Variety estimates the deal to be in the mid-six figures — MGM has hired screenwriters Patrick Melton and Marcus Dunstan to pen the script. The screenwriting duo was discovered during Project Greenlight and penned all three of the Feast film, as well as Saw IV, V, VI and the upcoming Saw 3D).

Each episode began with the following narration (later shortened):

“There is nothing wrong with your television set. Do not attempt to adjust the picture. We are controlling transmission. If we wish to make it louder, we will bring up the volume. If we wish to make it softer, we will tune it to a whisper. We will control the horizontal. We will control the vertical. We can roll the image, make it flutter. We can change the focus to a soft blur or sharpen it to crystal clarity. For the next hour, sit quietly and we will control all that you see and hear.
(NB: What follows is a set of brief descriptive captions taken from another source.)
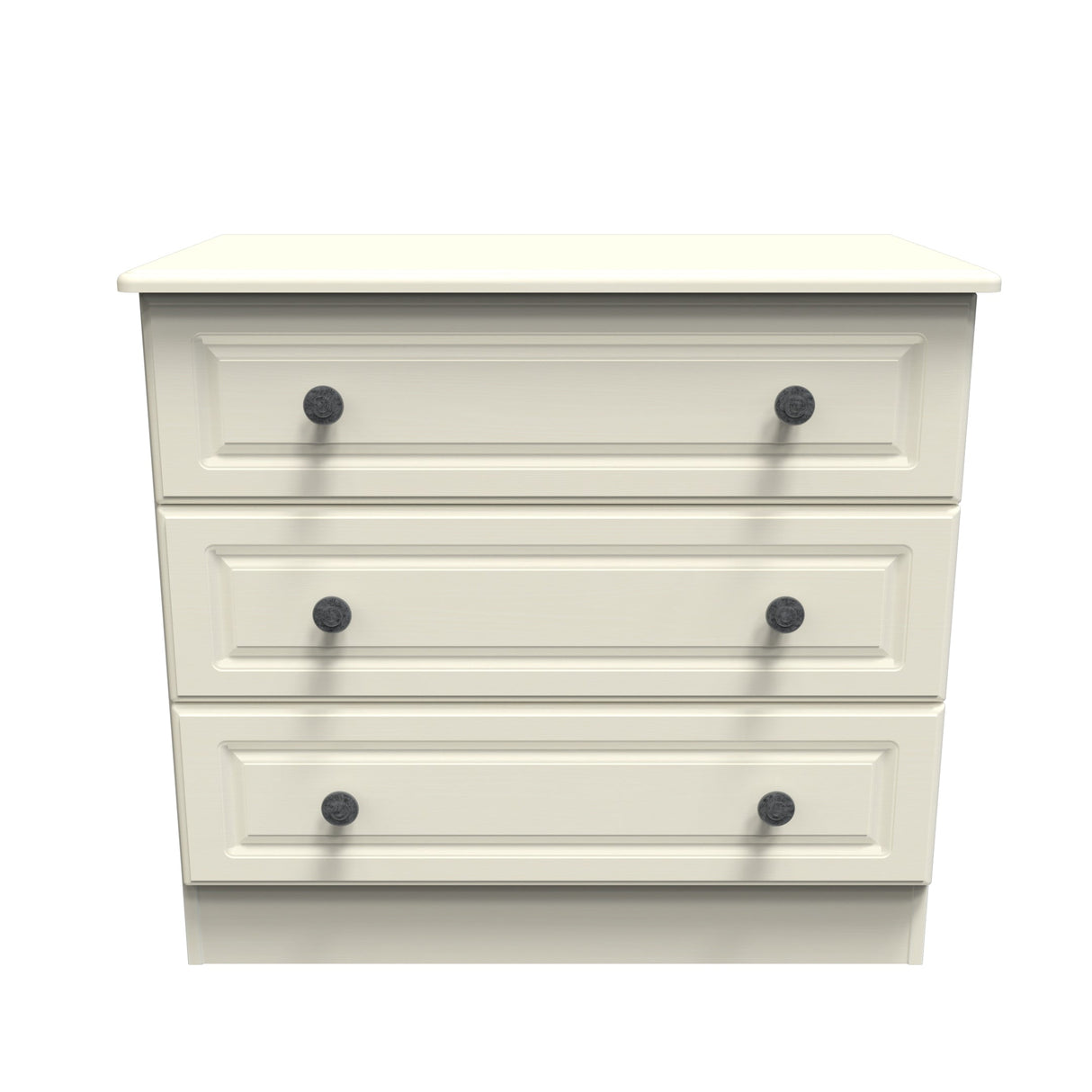 Pembroke 3 Drawer Chest - Welcome Furniture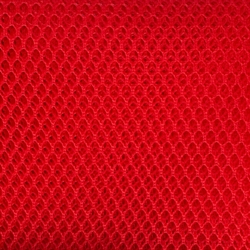 Mesh Stof til tasker - Red 18 x 54 inch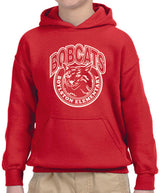 (Boylston Bobcats) Youth hooded sweatshirt starts at
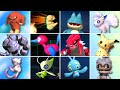 Super Smash Bros. series - All Pokeball Pokemon [1999 - 2024]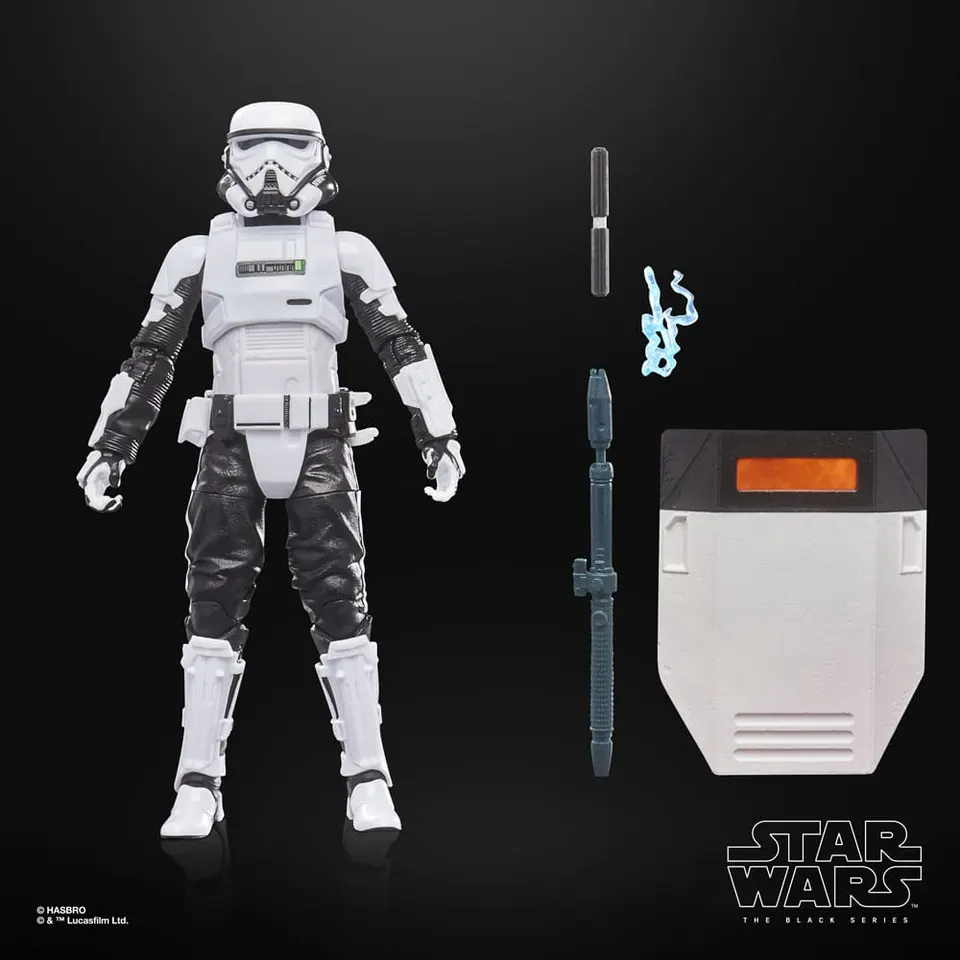 Hasbro Star Wars Series Gaming Greats Purge & Patrol Trooper 2-Pack - Image 4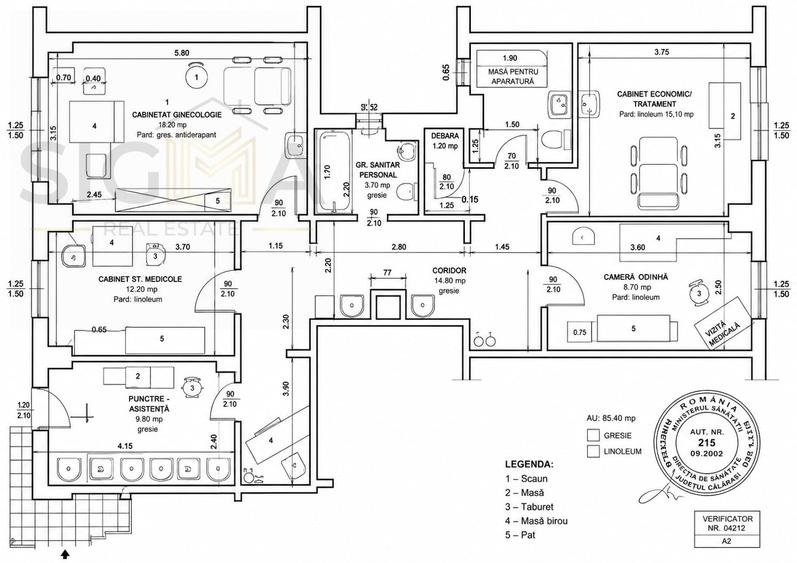 Spațiu comercial, de 86.400001525879 mp, în Iosia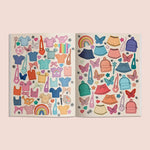 Sticker Storybook: Fairies and Unicorns - Toy Polloi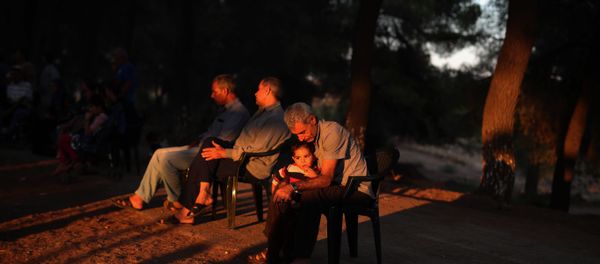Greece Refugee Camp - Sputnik International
We repeat: there is nothing wrong with your television set. You are about to participate in a great adventure. You are about to experience the awe and mystery which reaches from the inner mind to… The Outer Limits.”

The series was broadcast on ABC from 1963 to 1965, and 49 episodes were produced. A revised show aired on Showtime from 1995 to 1999, and on the Sci-Fi Channel until 2002. All 49 episodes of the original series are available on Hulu, as well as 149 episodes of the new version. According to Wikipedia:

Writers for The Outer Limits included creator Stevens and Joseph Stefano (screenwriter of Hitchcock’s Psycho), who was the series’ first-season producer and creative guiding force. Stefano wrote more episodes than any other writer for the show. Future Oscar winning screenwriter Robert Towne (Chinatown) would write “The Chameleon”, which was also the final episode filmed for the first season. Two especially notable second-season episodes “Demon with a Glass Hand” and “Soldier” were written by Harlan Ellison, with the latter episode winning a Writers’ Guild Award. The first season combined science-fiction and horror, while the second season was more focused on ‘hard’ science-fiction stories, dropping the recurring “scary monster” motif of the first season. Each show in the first season was to have a monster or creature as a critical part of the story line.

Turning an anthology television project to the big screen has always been a tough proposition. Hollywood has had better luck turning individual episodes into feature length films. However, I think most people would expect an Outer Limits movie to be an anthology of stories.